WORK REQUEST: Please repeat only the lines below starting at the line that holds "previously only had visual and textual" and ending at the line that holds "Q1 不安になることはあった？", exactly, with both of those lines included and every picture omitted.

-------- SUPPLIED INFORMATION --------

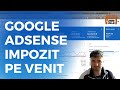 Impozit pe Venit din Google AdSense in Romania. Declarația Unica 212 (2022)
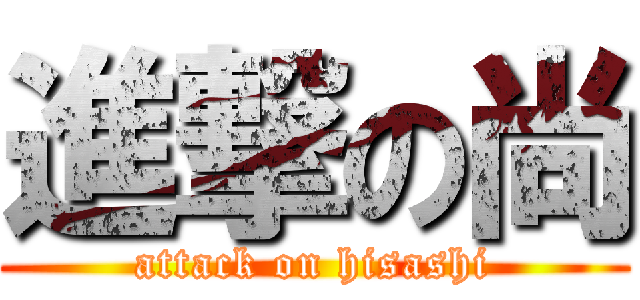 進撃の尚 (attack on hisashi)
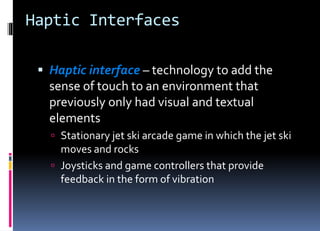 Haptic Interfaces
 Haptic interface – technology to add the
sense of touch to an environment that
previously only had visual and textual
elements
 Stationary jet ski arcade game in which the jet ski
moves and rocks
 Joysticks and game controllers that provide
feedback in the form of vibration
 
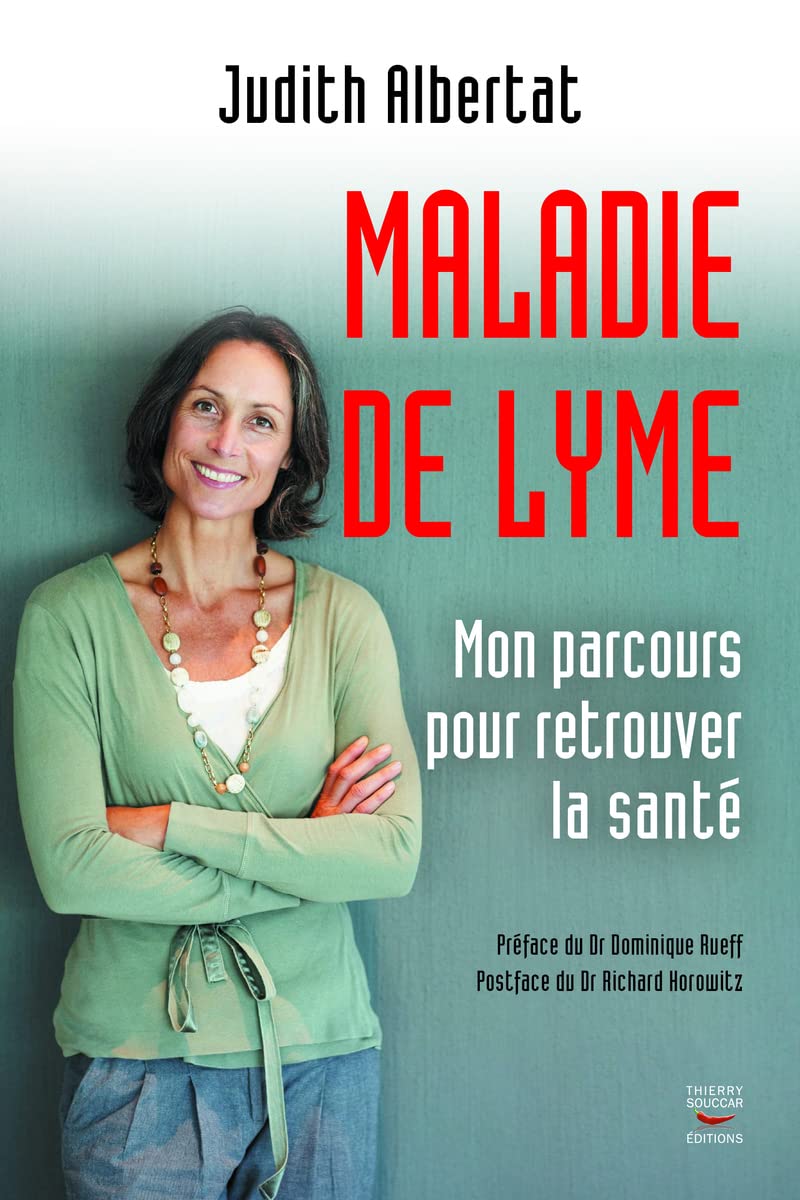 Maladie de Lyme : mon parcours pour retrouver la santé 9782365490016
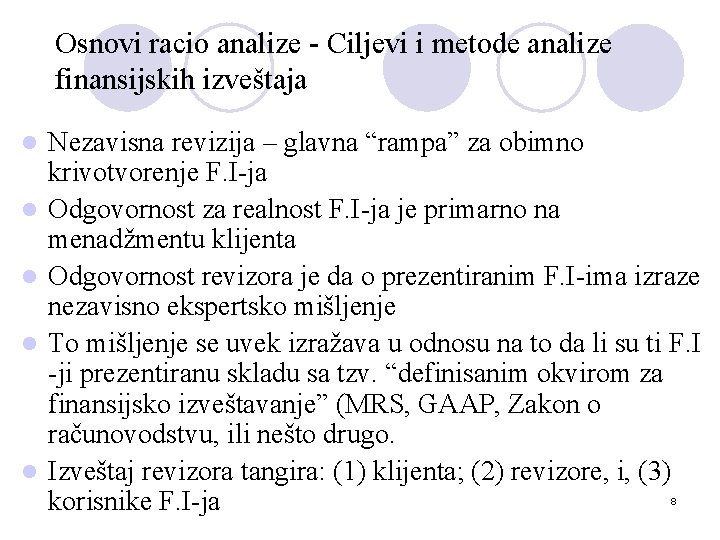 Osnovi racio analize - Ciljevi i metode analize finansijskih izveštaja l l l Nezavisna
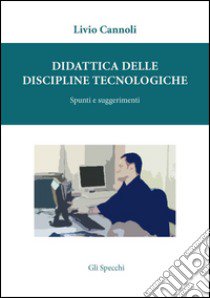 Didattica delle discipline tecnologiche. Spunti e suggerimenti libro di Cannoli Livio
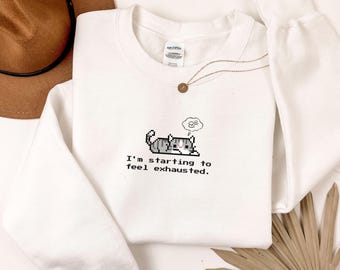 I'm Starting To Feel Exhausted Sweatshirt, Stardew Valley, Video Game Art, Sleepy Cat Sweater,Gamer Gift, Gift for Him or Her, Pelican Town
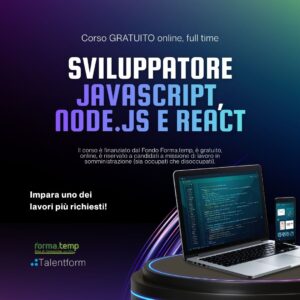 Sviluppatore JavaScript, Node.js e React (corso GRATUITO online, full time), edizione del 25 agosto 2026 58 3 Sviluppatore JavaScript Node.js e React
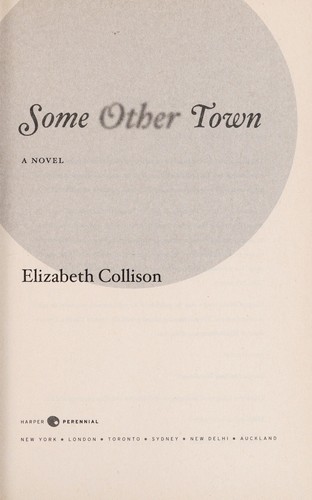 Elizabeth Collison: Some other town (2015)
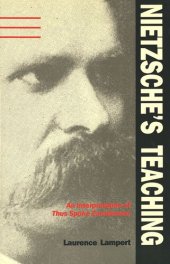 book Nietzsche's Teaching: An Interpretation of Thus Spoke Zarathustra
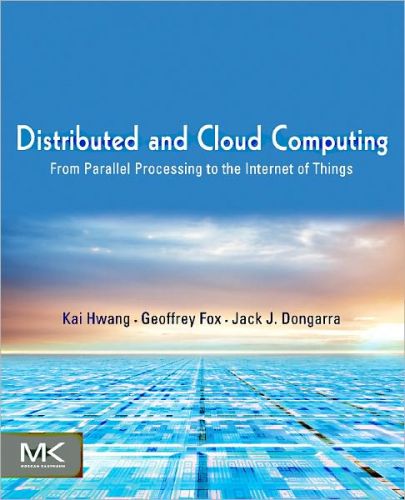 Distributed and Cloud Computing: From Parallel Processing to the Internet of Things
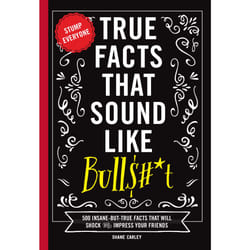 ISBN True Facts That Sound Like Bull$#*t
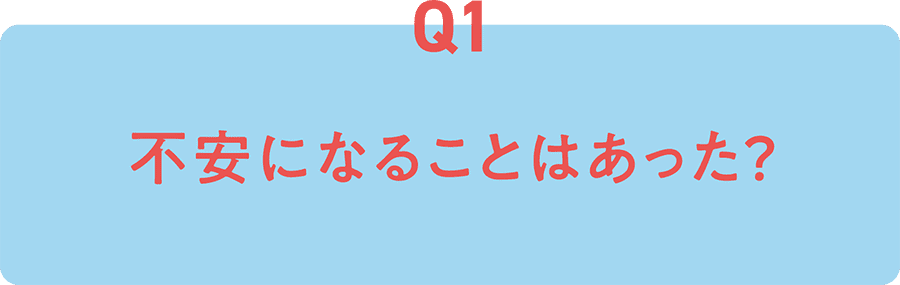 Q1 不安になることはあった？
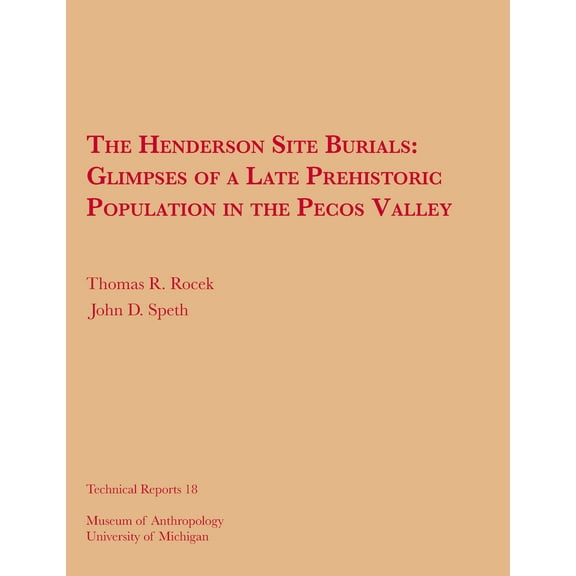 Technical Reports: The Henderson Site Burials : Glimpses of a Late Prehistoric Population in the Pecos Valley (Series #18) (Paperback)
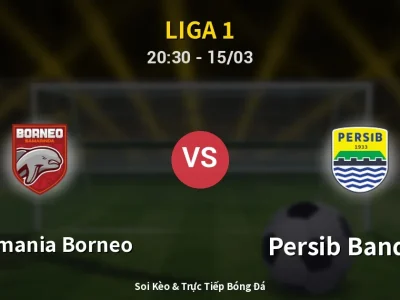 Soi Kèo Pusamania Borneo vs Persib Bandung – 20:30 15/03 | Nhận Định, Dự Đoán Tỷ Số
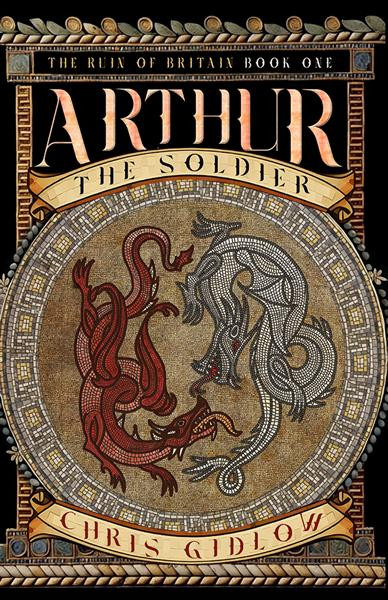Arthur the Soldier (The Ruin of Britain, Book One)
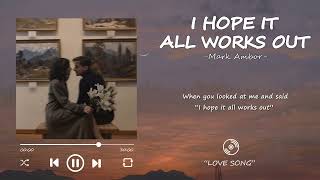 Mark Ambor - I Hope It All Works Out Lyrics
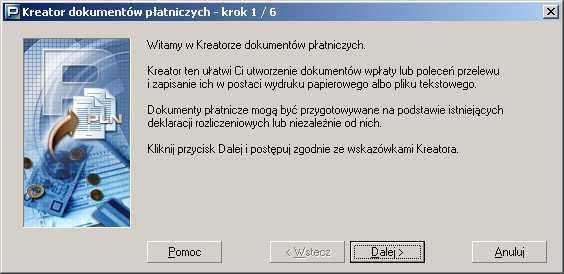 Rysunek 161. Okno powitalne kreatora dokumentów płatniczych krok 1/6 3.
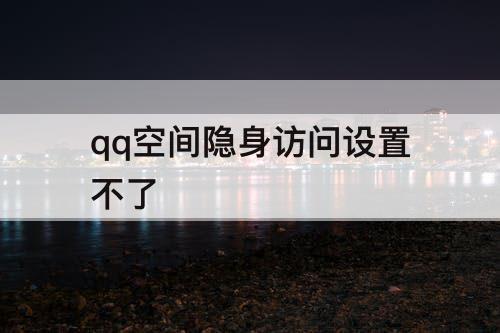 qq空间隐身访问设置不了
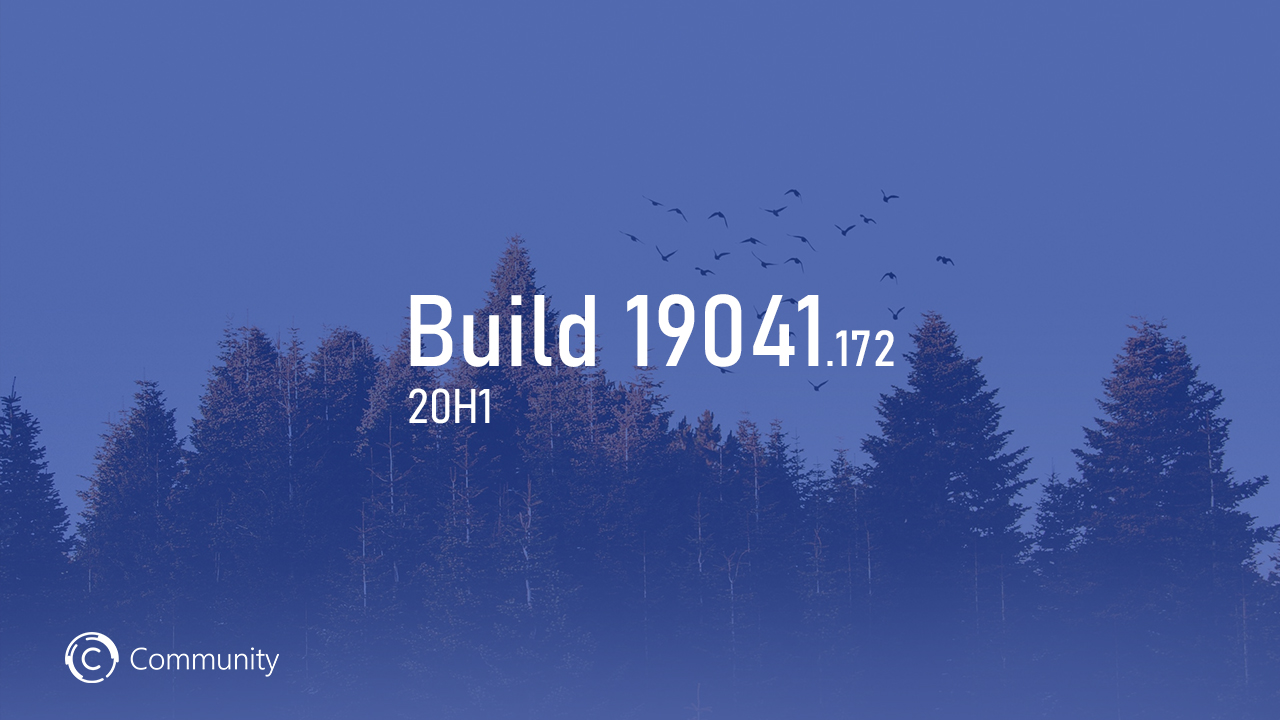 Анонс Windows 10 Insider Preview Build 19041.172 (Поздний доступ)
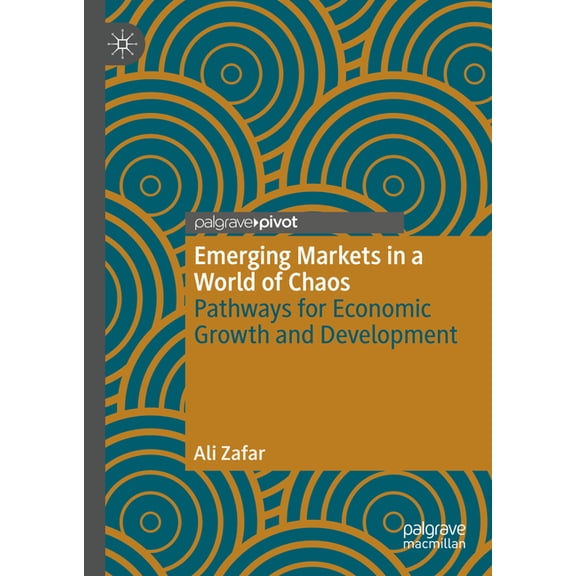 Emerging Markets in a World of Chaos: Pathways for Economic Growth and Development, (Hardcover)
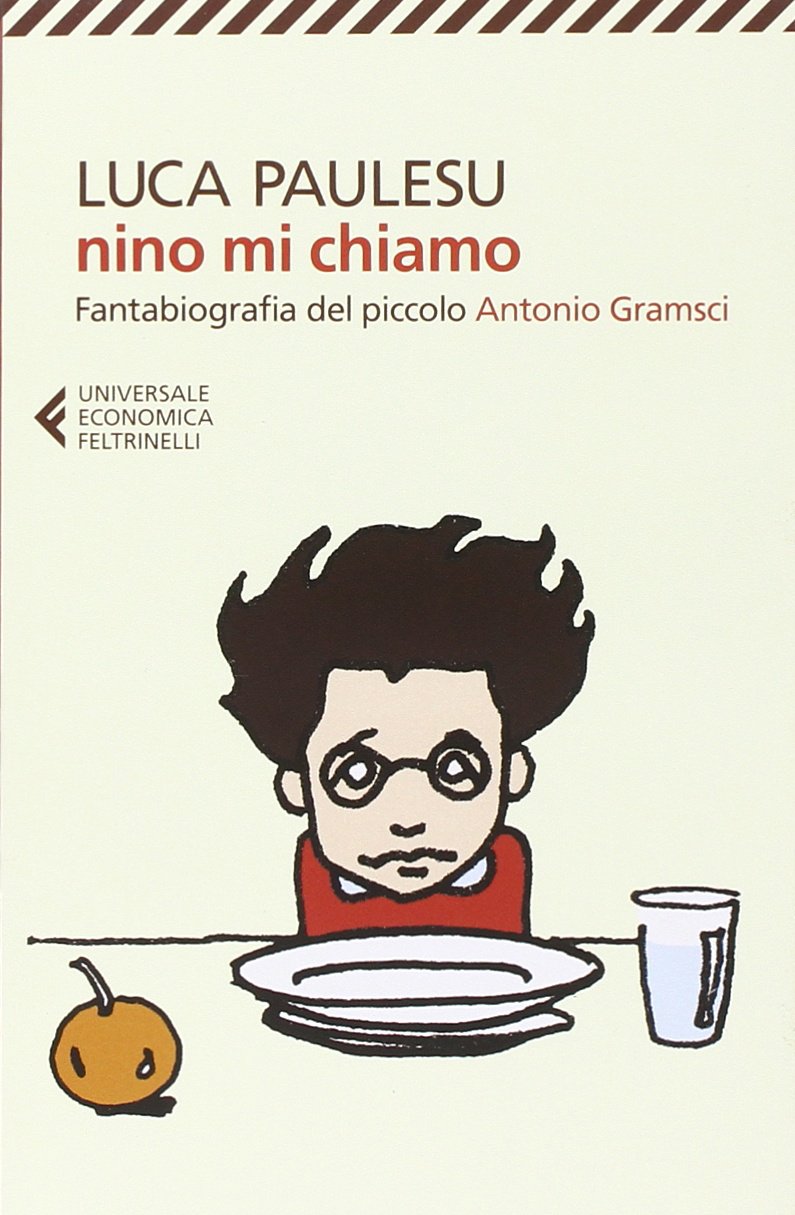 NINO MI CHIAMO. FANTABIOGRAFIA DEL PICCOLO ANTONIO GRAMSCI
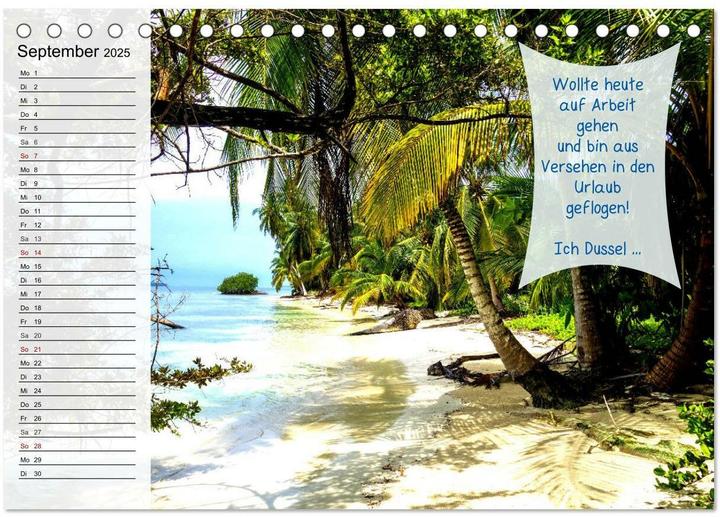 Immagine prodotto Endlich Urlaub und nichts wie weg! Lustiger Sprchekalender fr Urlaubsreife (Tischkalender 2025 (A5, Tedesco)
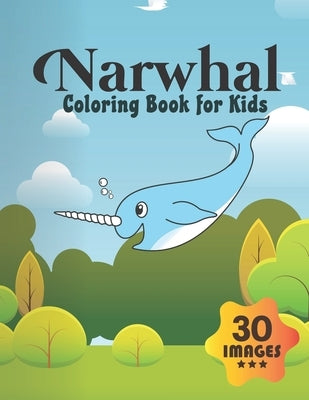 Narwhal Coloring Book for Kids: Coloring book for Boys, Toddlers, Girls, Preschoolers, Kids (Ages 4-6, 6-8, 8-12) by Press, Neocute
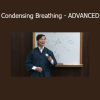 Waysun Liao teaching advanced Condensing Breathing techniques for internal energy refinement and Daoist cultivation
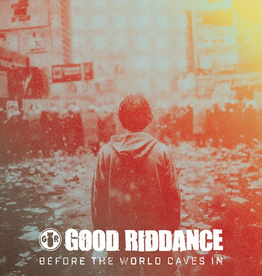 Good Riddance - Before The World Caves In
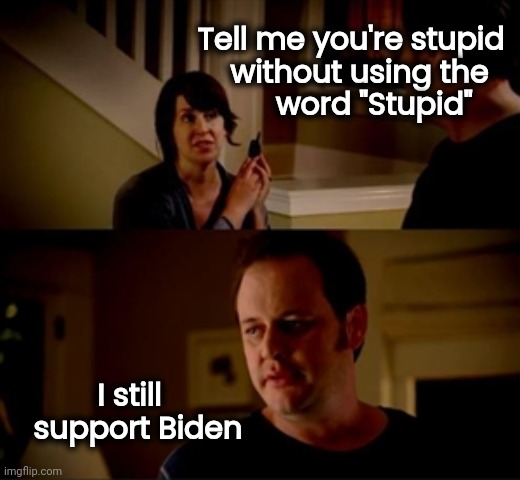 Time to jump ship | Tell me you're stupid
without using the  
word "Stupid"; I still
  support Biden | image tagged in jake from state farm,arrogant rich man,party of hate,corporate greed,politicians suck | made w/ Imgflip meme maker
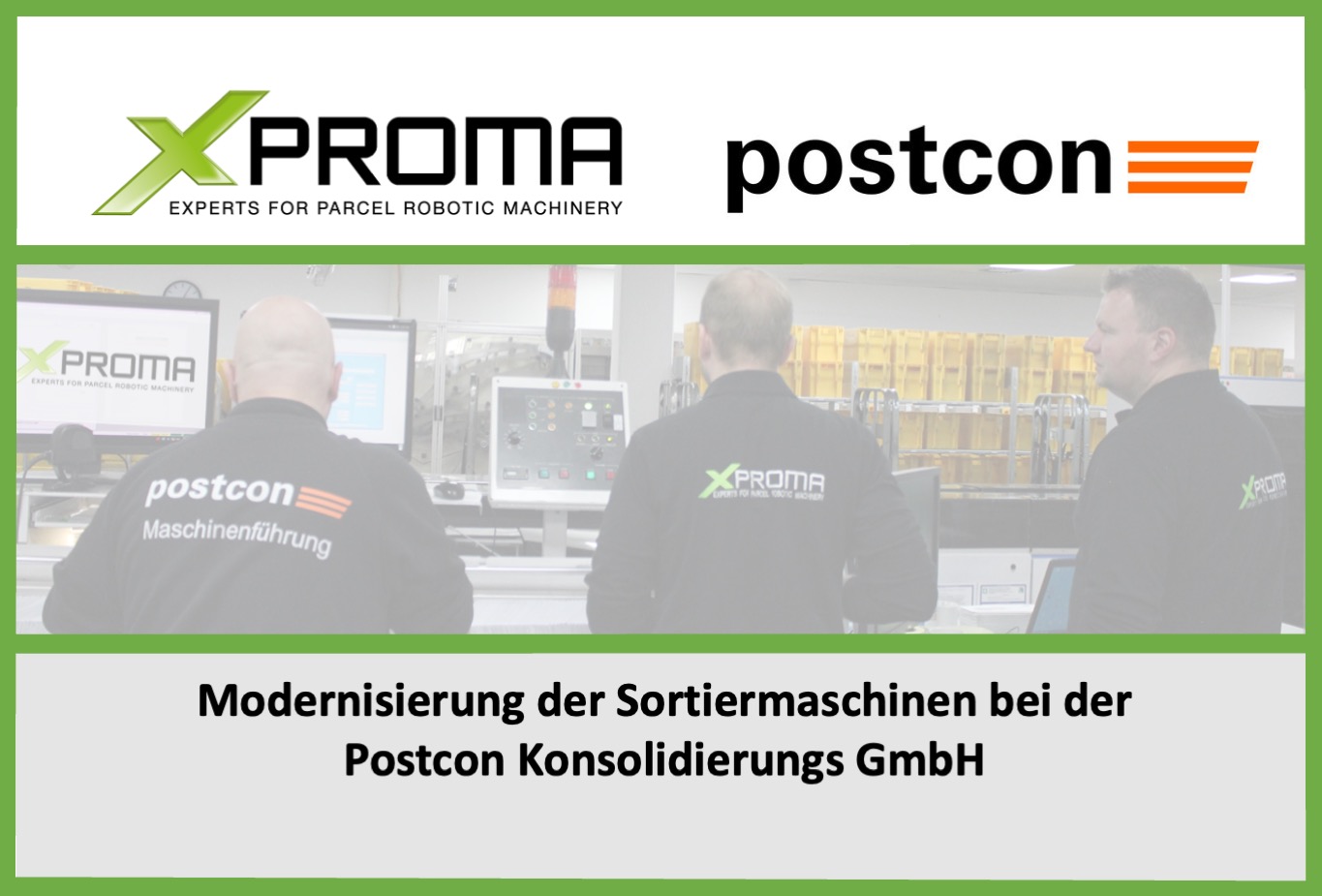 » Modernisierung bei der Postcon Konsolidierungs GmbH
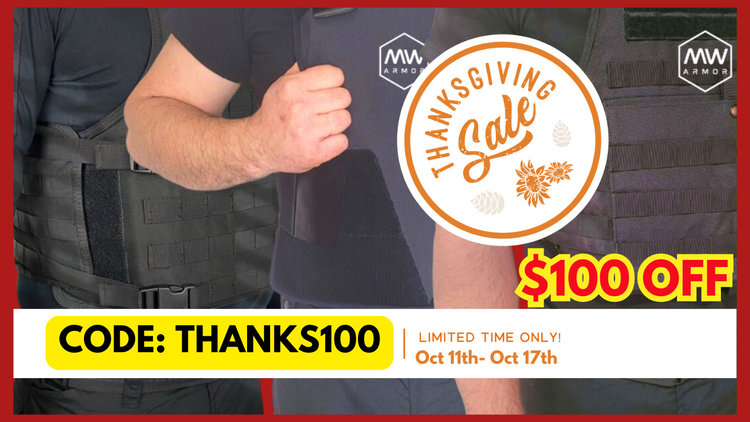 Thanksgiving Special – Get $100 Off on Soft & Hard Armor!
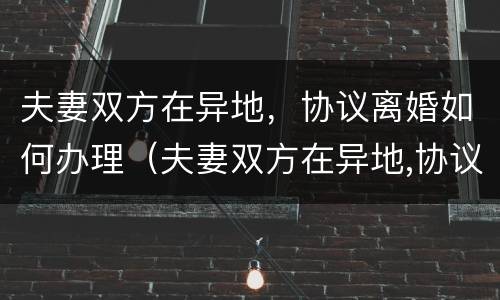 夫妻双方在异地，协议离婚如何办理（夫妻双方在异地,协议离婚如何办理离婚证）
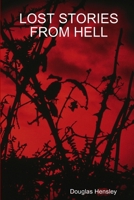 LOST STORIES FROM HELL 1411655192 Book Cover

--------

EXERCISE OUTPUT:
previously only had visual and textual
elements
 Stationary jet ski arcade game in which the jet ski
moves and rocks
 Joysticks and game controllers that provide
feedback in the form of vibration
 
 Maladie de Lyme : mon parcours pour retrouver la santé 9782365490016
 Osnovi racio analize - Ciljevi i metode analize finansijskih izveštaja l l l Nezavisna
 Didattica delle discipline tecnologiche. Spunti e suggerimenti libro di Cannoli Livio
 I'm Starting To Feel Exhausted Sweatshirt, Stardew Valley, Video Game Art, Sleepy Cat Sweater,Gamer Gift, Gift for Him or Her, Pelican Town
 Sviluppatore JavaScript, Node.js e React (corso GRATUITO online, full time), edizione del 25 agosto 2026 58 3 Sviluppatore JavaScript Node.js e React
 Elizabeth Collison: Some other town (2015)
 book Nietzsche's Teaching: An Interpretation of Thus Spoke Zarathustra
 Distributed and Cloud Computing: From Parallel Processing to the Internet of Things
 ISBN True Facts That Sound Like Bull$#*t
 Q1 不安になることはあった？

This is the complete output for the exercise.